Google’s new support page says:

Find search results from a specific domain, URL or URL prefix. E.g:

Website: https: // “

cache: Search operator

Cache: Search Operator shows you Google’s cache of a web page, a copy of what the page looked like when Googlebot last crawled it.

Cache is a great way to find out if a site is hacked and showing different content to Google (disguise).

Google’s cache search engine support page has a warning:

“The current cached version may in some cases be incomplete or empty.

This may be because JavaScript actions on your page, which are responsible for creating the actual layout of the page, were blocked by your browser’s same policies of origin.
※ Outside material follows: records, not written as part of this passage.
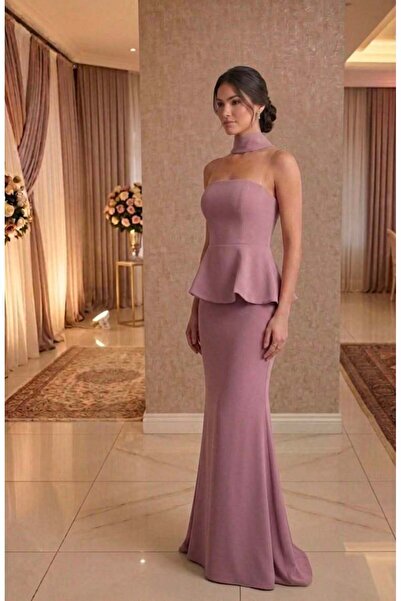 NOVERA DRESS Pudra Pembesi Straplez Peplum Şal Detaylı Balık Abiye Elbise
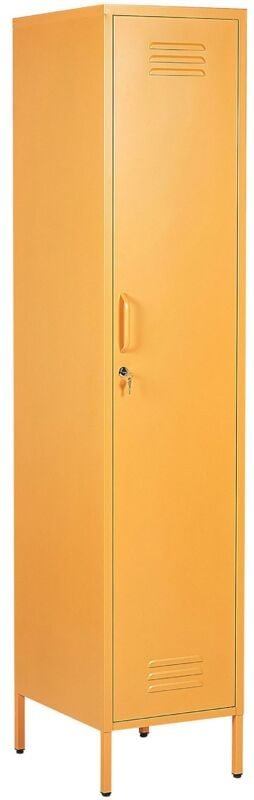 Thumbnail - Metallschrank Gelb Stahl 185cm hoch Modern mit abschließbarer Tür Kleiderstange 2 Türhaken 5 Fächern Wohnzimmer Schlafzi...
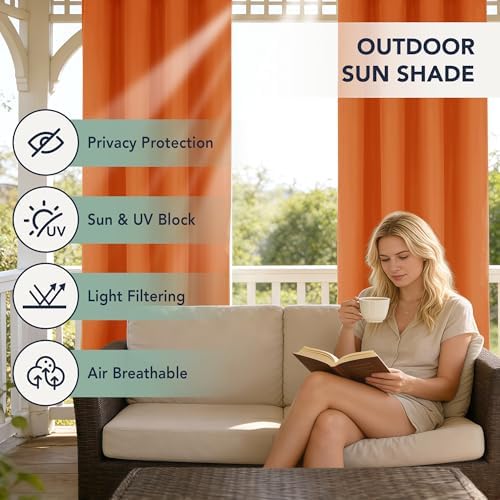 Patio Curtains Outdoor Waterproof, 6-Panels, Privacy Drapes - Image 3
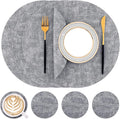 Homaxy Round Faux Leather Placemats and Coasters, Washable Dual-Side Table Mats, Wipeable Heat-Resistant Dining Place Mats for Outdoor and Indoor, Set of 4, Diameter 13 and 3.93 inch, Black & White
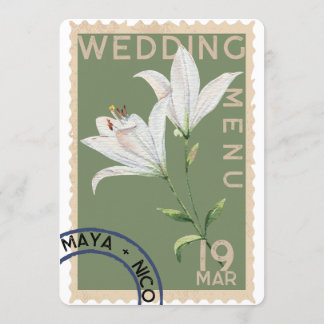 Menu Vintage carimbo Wedding
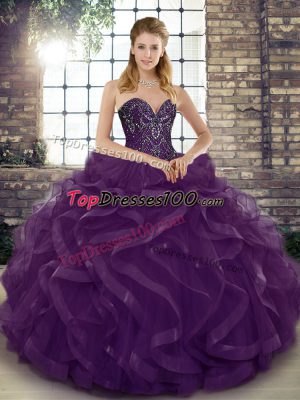 Flirting Ball Gowns Quinceanera Dresses Dark Purple Sweetheart Tulle Sleeveless Floor Length Lace Up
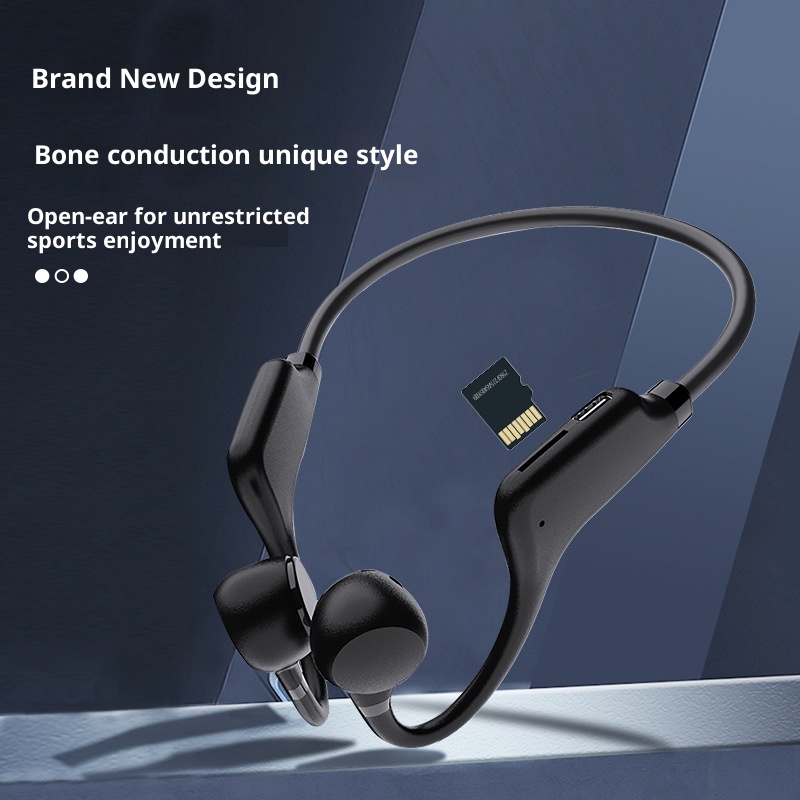 3c Cross-Border New X1 Sound Bluetooth Earphones 5.2 Wireless Bone Conduction Memory Card Ultra-Long Standby Sports Running_voghion.com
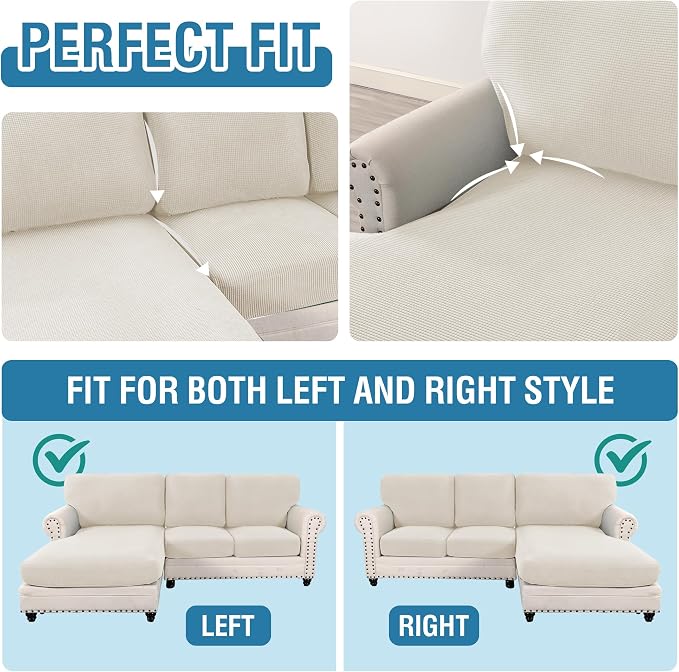 H.VERSAILTEX 2025 New Sectional Couch Covers 6 Pieces Stretch Sofa Covers - Image 5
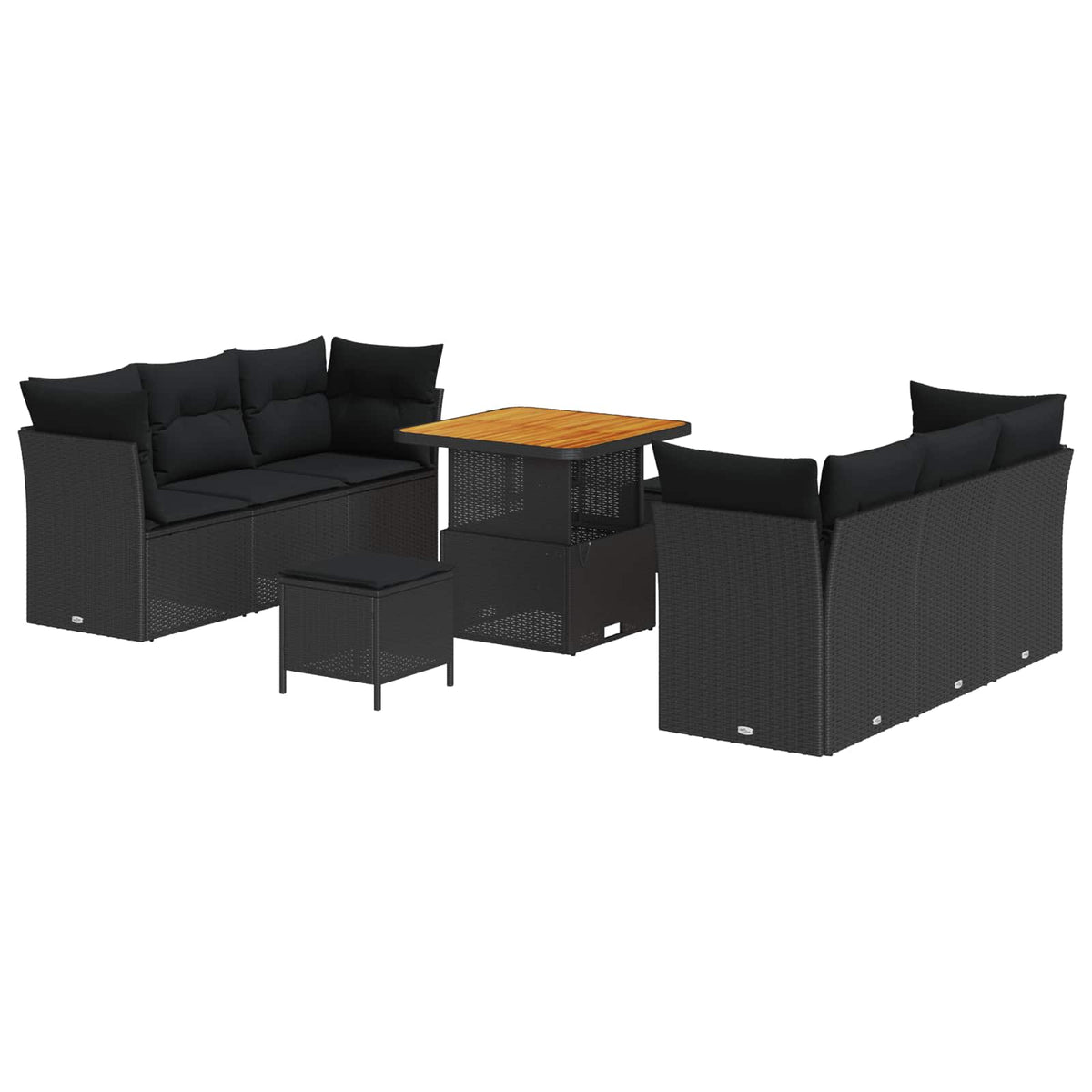 Garden Sofa Set Height-Adjustable 9 pcs Black Poly Rattan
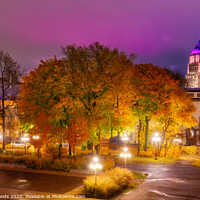 Buy canvas prints of The Price Building, Quebec City, at night in autumn. by Colin Woods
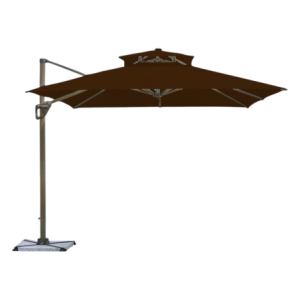 Ombrellone Santorini 3x3m struttura champagne telo moka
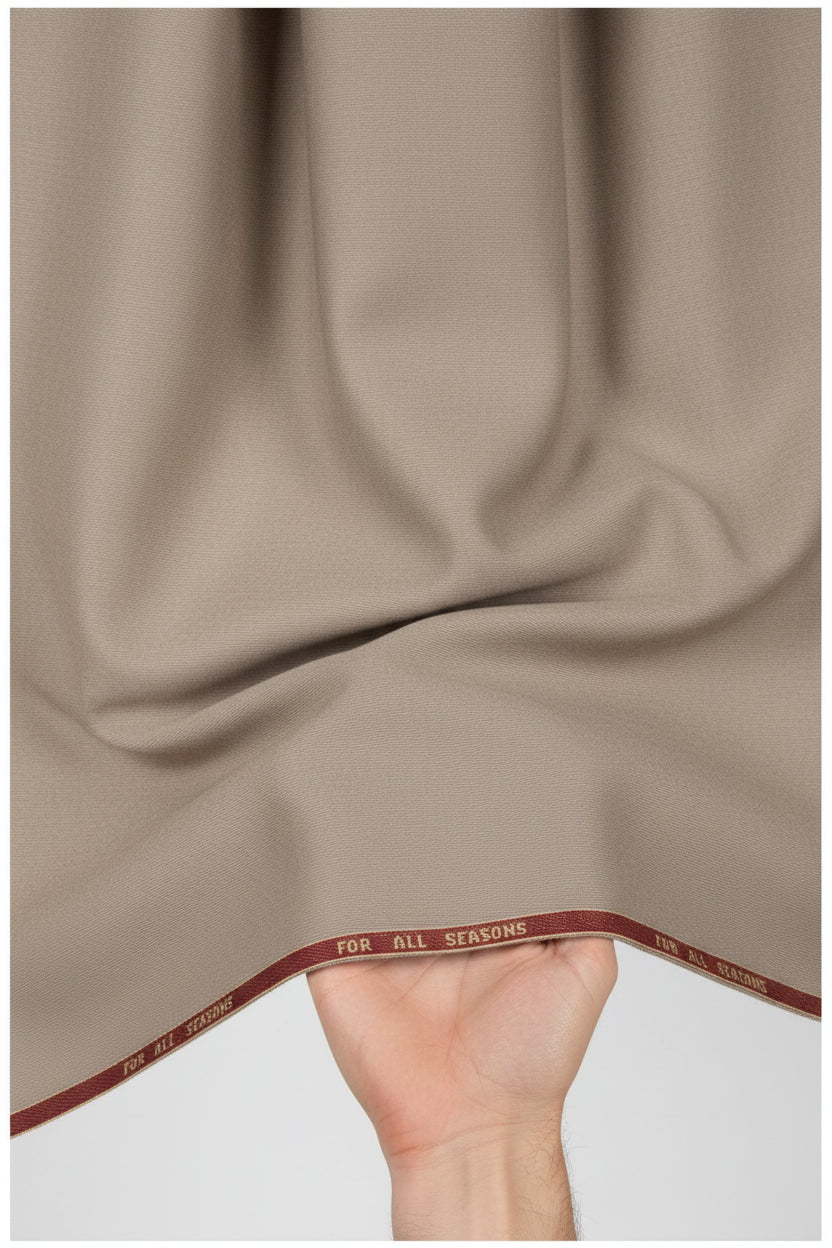 Ivory polywool trouser and suiting fabric from Raymond, luxurious unstitched material for custom suits and formal wear.
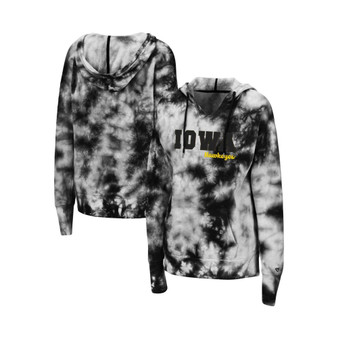 Women's Black Iowa Hawkeyes Shavonee Tie-Dye Pullover Hoodie
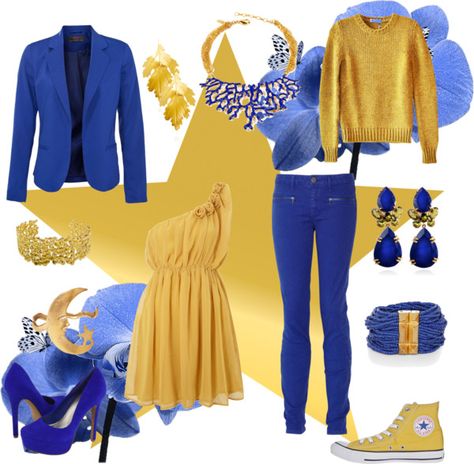 Blue And Yellow Fashion, Yellow And Blue Outfits Women, Blue And Yellow Clothes, Yellow Outfit Black Women, Blue And Yellow Outfit Ideas, Yellow Blue Outfit, Blue Yellow Outfit, Ladies Style Classy, Blue And Yellow Outfit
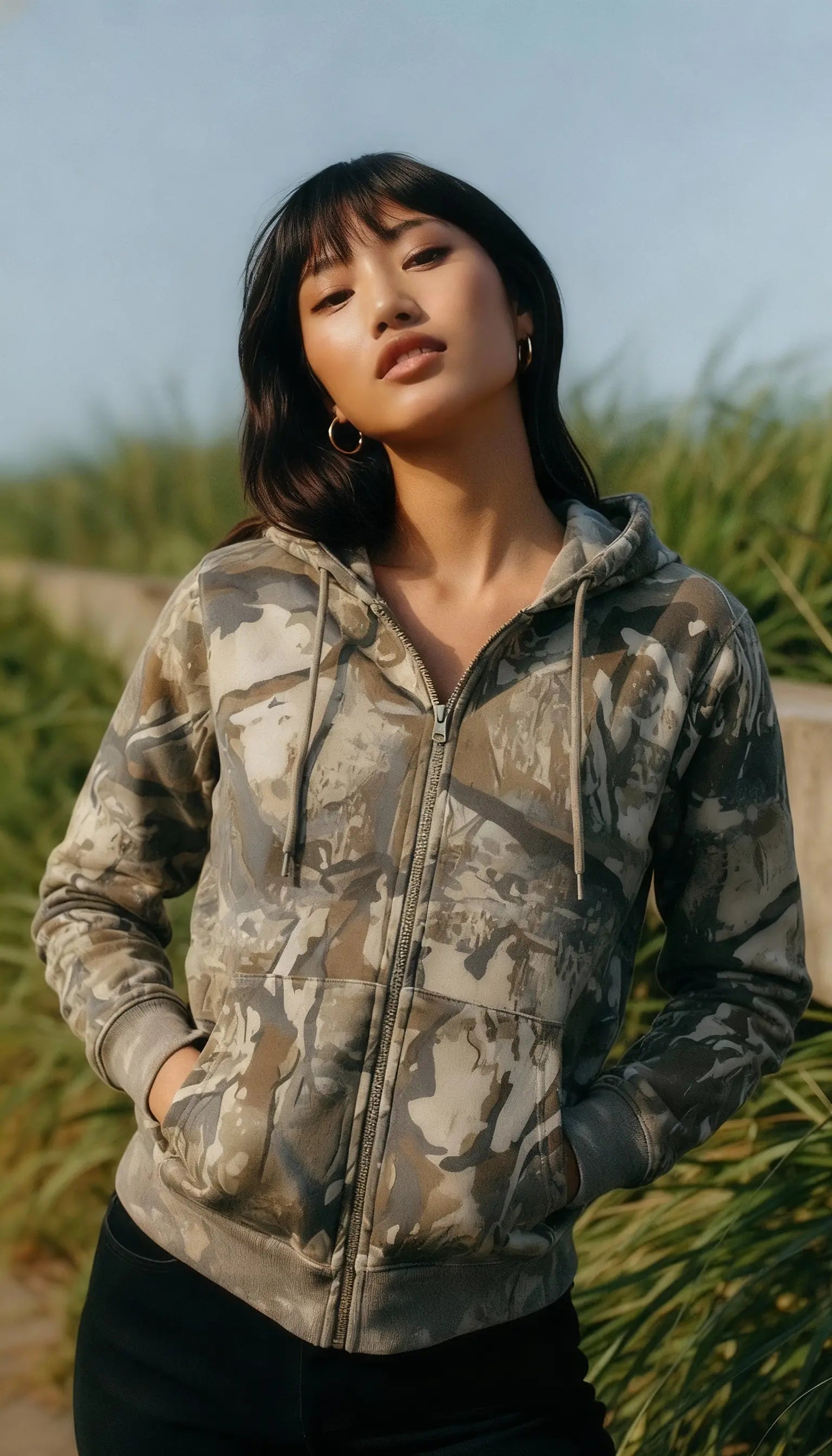 Pluto Camo’d Camoflauge Casual Zip Up Hoodie Pluto Clo uk | Official Website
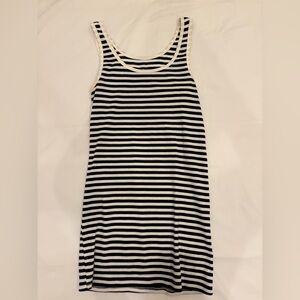 Navy and blue striped mini dress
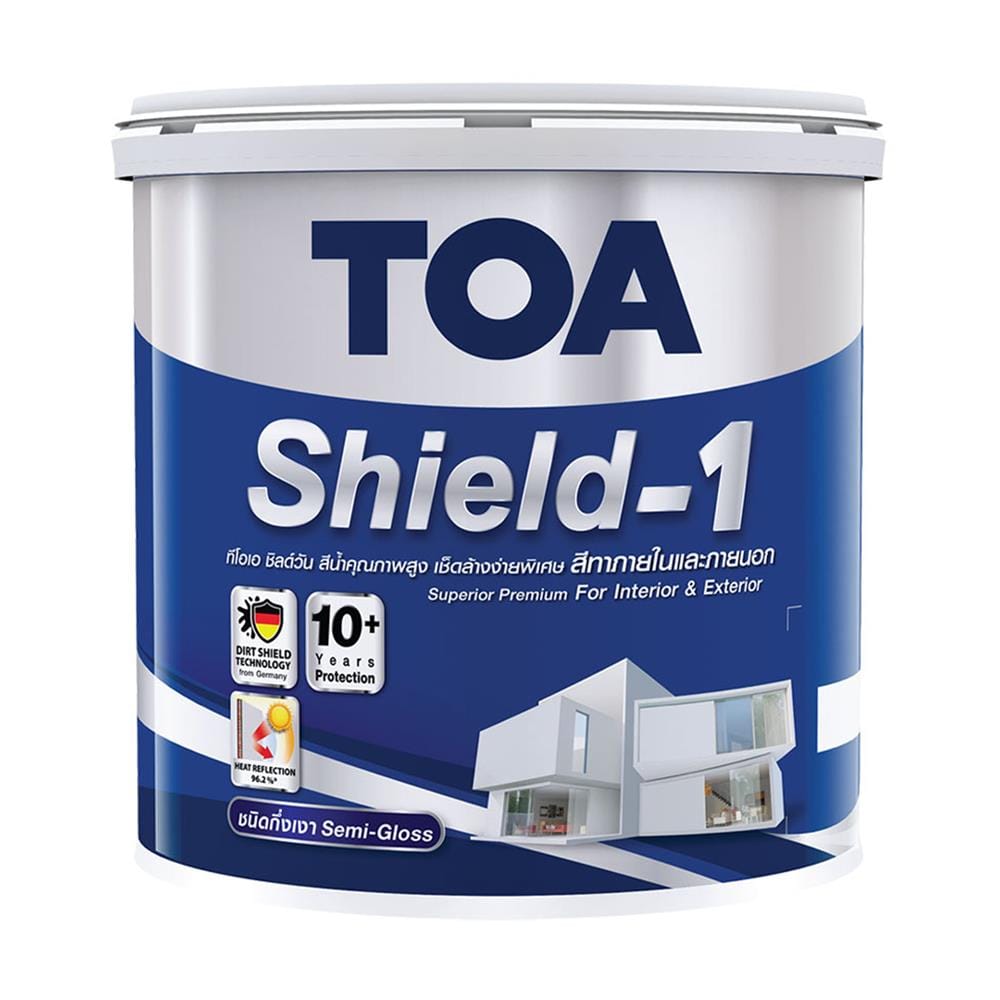 สีน้ำทาภายนอก ชนิดกึ่งเงา TOA SHIELD-1 BASE D สีขาว 1 แกลลอน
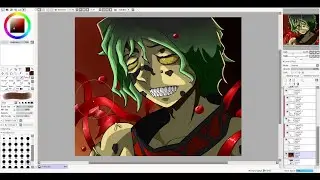 Gyutaro Drawing in 4 Hours | Paint Tool Sai SpeedPaint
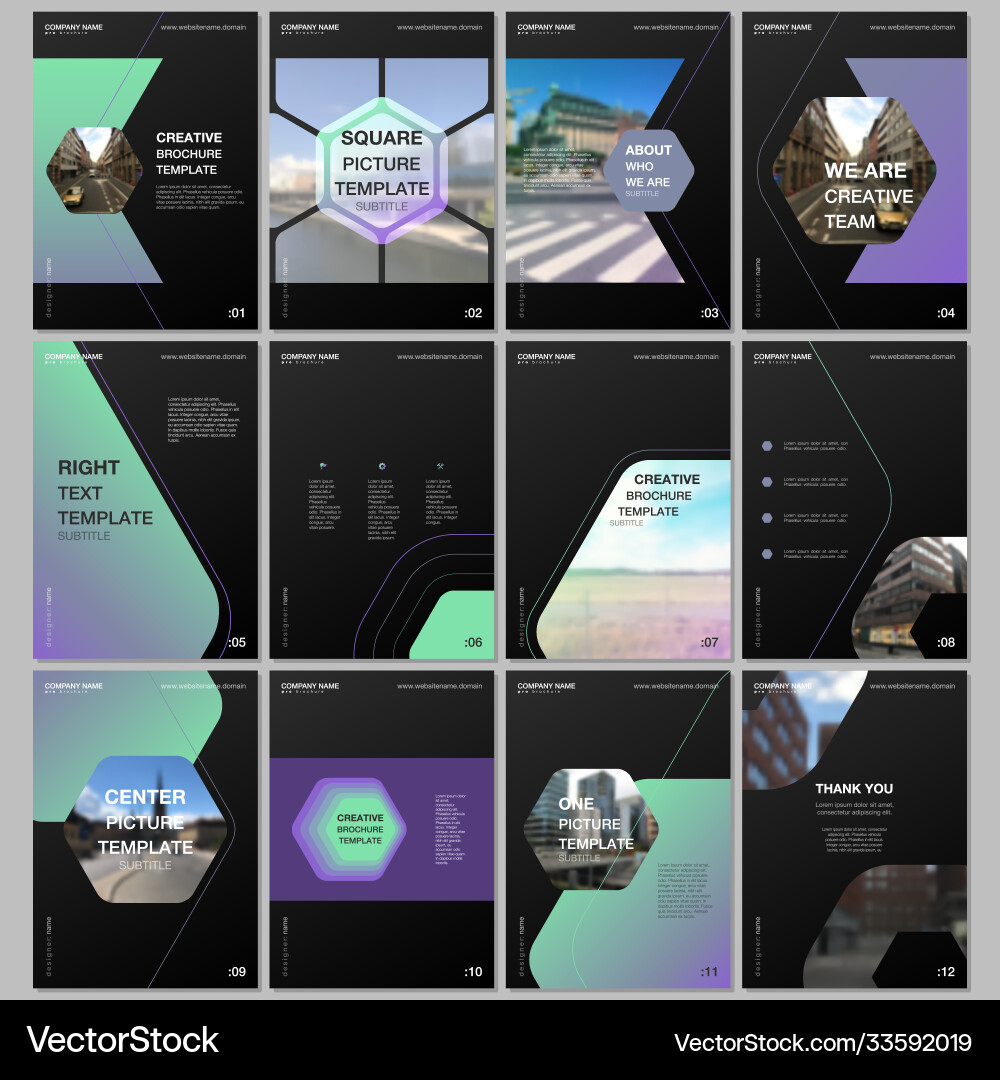 Creative brochure templates with hexagonal design Creative brochure templates with hexagonal design Vector Image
This is normal and not something to be solved. To see if a JavaScript action was blocked by the browser, look for errors in your browser’s developer console. ”

related: Search operator

The related: search operator is a good one. It tells you which other sites Google identifies as related to the site being searched.

The related: search operator can be helpful in telling you if there is something wrong with the content relevance if Google shows wildly unrelated sites as related.

How to use the related: search operator:

related: https: //

Google also has a warning about this search operator:

“The lack of your URLs appearing to be related: queries are not an indicator of the quality of your pages or any other search signal.

The relationship of URLs is generally calculated only for the most popular URLs on the Internet.

In addition, the data that drives the related: query operator is not updated in real time, so recent popular URLs may not appear in related results: search operator.

The related: search operator is not a good tool for troubleshooting specific URLs. ”

src: Hotlink Finder

Src: the search operator finds pages that link to an image.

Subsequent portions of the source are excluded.